REDESCOBRINDO LUIS BUÑUEL
 
 

21 de março de 2005

Quando se fica muito tempo afastado dos clássicos, as vezes existe a sensação que revê-los vai ser uma experiência desagradável, com cheiro de mofo. Encontrar desgastado pelo Tempo tudo ou quase tudo daquilo que outróra foi brilhante é um temor que, as vezes, se torna realidade. Há pouco mais de um ano, quando começaram a ressurgir os filmes de Luis Buñuel (1900-1983) em uma preciosa coleção em DVD da Versátil, tive esse receio. Pensei que aquela irreverência anti-católica então ousada, a sua veia iconoclasta, ressurgissem totalmente envelhecidas, sem a força que permitiram à esse espanhol ganhar merecida fama.

 

Ledo engano. Ficou patente agora que o cineasta foi muito mais do que um ousado artista de vanguarda, faceta essa que se comprova com consistência em suas duas manifestações de partida, Um Cão Andaluz (Un Chien Andalou, 1928) e A Idade do Ouro (L’Age D’Or, 1930), que estão em um só DVD lançado há pouco. Ambas ainda causam impacto com suas cenas surrealistas, principalmente a primeira que tem participação do pintor Salvador Dali. Nesse filme ainda impressiona aquela antológica imagem da navalha cortando o globo ocular.

 

Mas, como prova a coleção da Versátil, - que já distribuiu cerca de nove dos 32 filmes feitos por Buñuel e ainda promete mais, - ele não se acomodou na transgressão pura e simples, na crítica contundente a hipocrisia da burguesa e do catolicismo. Está certo, esses elementos estão em boa parte de sua filmografia. Porém, o cineasta também fez crítica social, como demonstra de forma contundente Os Esquecidos (Los Olvidados, 1950), talvez uma das melhores produções cinematográficas que já se fez sobre delinqüência na infância e juventude. E soube ainda, através de sua visão peculiar (carregando no registro das perversões e da morbidez), transpor para a tela clássicos da literatura como O Morro do Ventos Uivantes (este em Escravos do Rancor) e Robinson Crusoé (1952), cujo DVD está em fase de lançamento. Enfim, sempre teve clareza nas suas propostas, na comunicação com o público.
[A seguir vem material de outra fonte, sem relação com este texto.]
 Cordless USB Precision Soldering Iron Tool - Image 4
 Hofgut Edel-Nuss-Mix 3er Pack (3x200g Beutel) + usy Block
Buñuel enfrentou muitos percalços para fazer a sua obra. O mais conhecido é a proibição de filmar em seu próprio país. Uma ordem do generalíssimo Franco, o ditador que por cerca de quarenta anos governou a Espanha. Quase um recorde no planeta; ele só perde para Fidel Castro em Cuba. Com esses entraves, o cineasta permaneceu uns 15 anos afastado das câmeras, apenas dirigindo em Hollywood a dublagem para o espanhol de algumas produções daqueles estúdios.

Mas essas interrupções e os problemas criados pela Censura, parece que nunca o desanimaram. De forma simples, direta, sem nenhum exibicionismo visual, ele foi a luta e fez filmes que até hoje oferecem uma impressionante vitalidade. Redescobrir Luis Buñuel, e ainda sob novas luzes (como o depoimento de seu filho Juan Luis Buñuel, incluso no DVD de Um Cão Andaluz) está sendo não apenas um dever cultural, mas um grande prazer.